Já é estranho que o PSD, em coligação com o CDS-PP, concerte com o PS sem dar cavaco ao CDS, sobretudo em matéria sensível como os temas eleitorais. Mas igualmente estranho é que o CDS-PP tenha, alegadamente, tido que chegar ao extremo de ameaçar votar contra e queixar-se ao Tribunal – e aprecie divulgar o conflito e o “remédio”, mesmo depois de resolvido e superado. Como sinal de coesão não está nada mal.
O outro título é mais apetitoso: «PS e CDS entendem-se», em letras garrafais, com o antetítulo «Portas acompanhou de perto negociação para baixar já IVA e IRS nos Açores». Lendo a notícia, a substância não tem muito de especial, resumindo-se nisto: os Açores, pela Lei das Finanças Regionais, têm direito, como compensação da insularidade, a beneficiar de um diferencial fiscal, que podia ir até taxas 30% mais baixas do que no Continente; durante o período da troika, o diferencial foi reduzido para um máximo de 20%; com a saída daquela, o OE 2015 repôs a possibilidade do regime original. É, portanto, natural o que agora se concretizou, execução linear do previsto no orçamento PSD/CDS.
O estranho está na introdução, por altíssimas fontes do CDS, deste picante PS/CDS, como frenesim alegórico. A coisa poderia compreender-se limitadamente, no singular contexto regional açoriano; mas, no quadro nacional, é a despropósito, ou melhor, sintomático. Pode aceitar-se a ideia de que, em geral, estamos a pagar impostos altíssimos não porque seja necessário, mas apenas porque o CDS não tem interlocutor no PSD, mas já o tem no PS? Medite-se bem nesta frase do altíssimo dirigente do CDS: «Agora, provámos nos Açores que o CDS não abdica de reduzir os outros impostos, desde que tenha interlocutor para isso.» Ora, pega lá um segundo PaF.

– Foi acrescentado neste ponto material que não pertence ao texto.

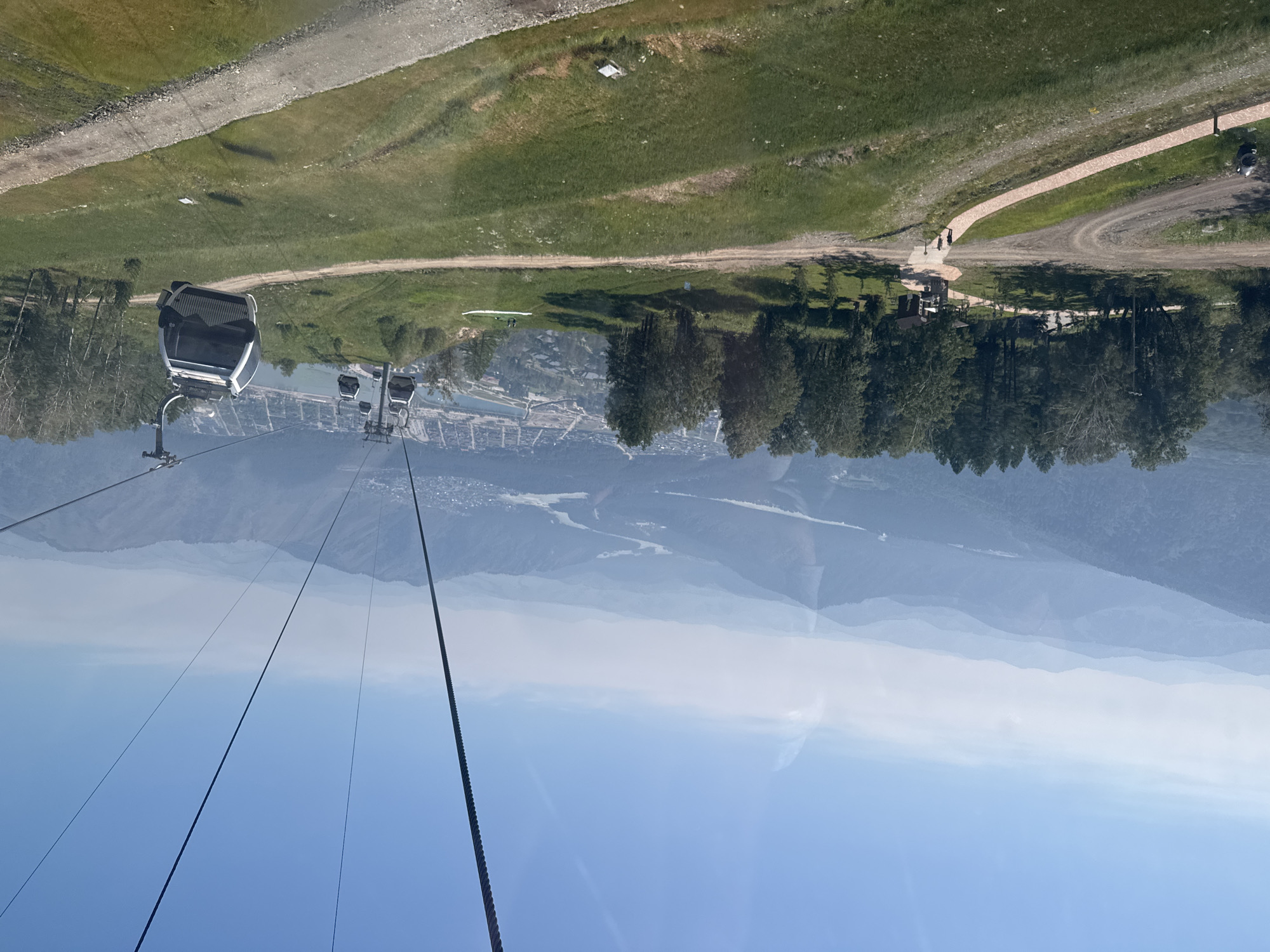 Cable car descending a green mountain slope in Ozernoe, Russia.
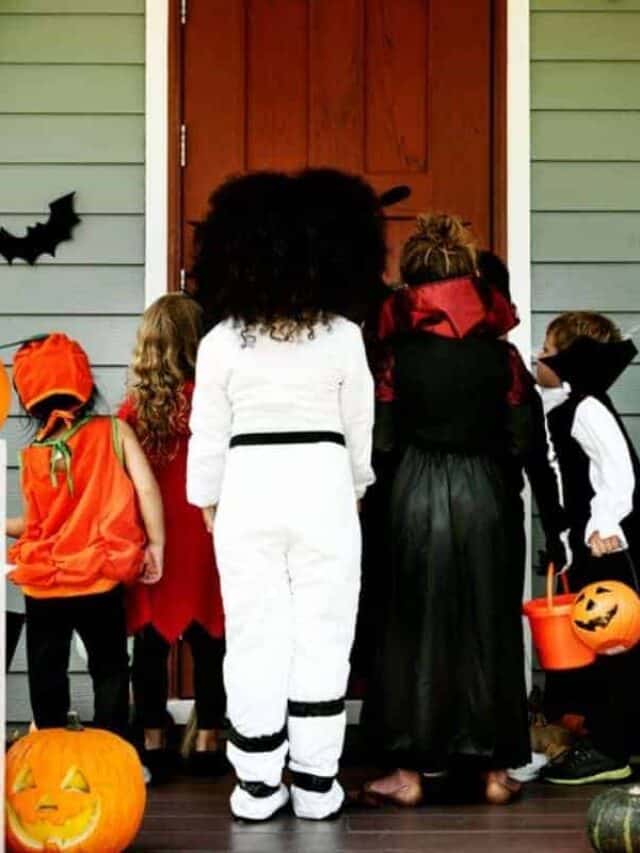 A group of kids dressed for Halloween going trick or treating.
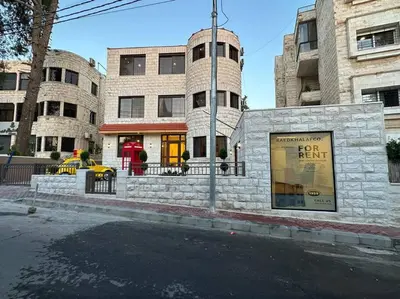 a building on the corner of a city street at XX/ Antica jabalal-lwebdeh in Amman
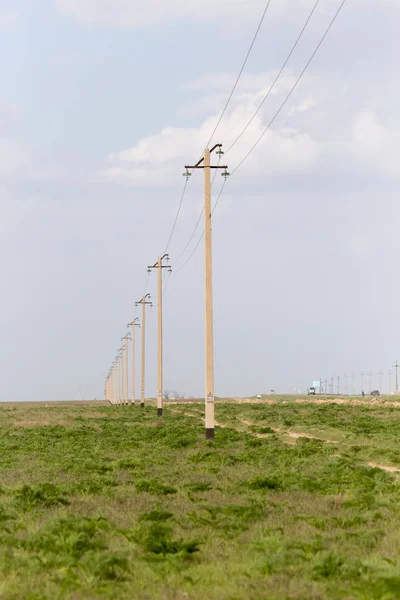 Power poles in the desert — Stock Photo, Image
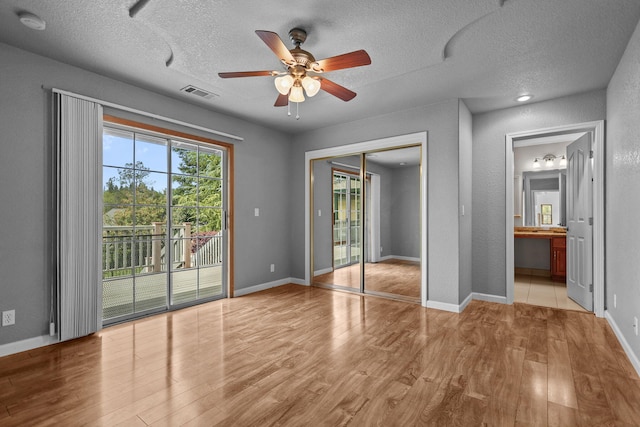 12526 Glide Way, Redding, CA 96003 - unfurnished bedroom with access to outside, wood finished floors, a textured ceiling, connected bathroom, and a closet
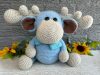 photo of crocheted moose, with a blue body and bright blue bow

No CDS-PP, debatemos pouco e de nada sabemos. Por isso, jornalistas como os do Expresso, com boas fontes muito bem colocadas, desempenham missão de superior interesse público: é por eles que sabemos o que a direcção do partido faz, projecta e pensa. Um tesouro. Foi pelo Expresso sobretudo que pudemos acompanhar o pensamento real da direcção, naquele prolongado “momento Syriza” do CDS-PP que vai da crise da TSU à superação da crise irrevogável de Julho. Aí lemos a explanação do “sabia, mas não sabia”, da extensa incerteza quanto ao OE 2013 e das linhas vermelhas sobre a Segurança Social, que, afinal, eram a tracejado. Aí tínhamos sabido, ainda antes, da célebre carta aos militantes contra qualquer aumento de impostos, carta que ninguém recebera, mas acabou por aparecer. Outros também, como a manchete do “i”, três semanas antes de Gaspar se demitir: «CDS pergunta a Gaspar porque é que nunca acerta nas previsões». Ou a manchete do “Sol”, a meio da campanha para as europeias: «Passos enfurece Portas». E foi de novo pelo Expresso que, semanas a fio, pudemos acompanhar a “quizomba fiscal” que precedeu e o último OE 2015.
O disco, pelos vistos continua. Ainda não se partiu. Ou, então, é mesmo isso: está partido.
Assim não vamos longe. É por essas e por outras que a reforma do Estado ficou por fazer.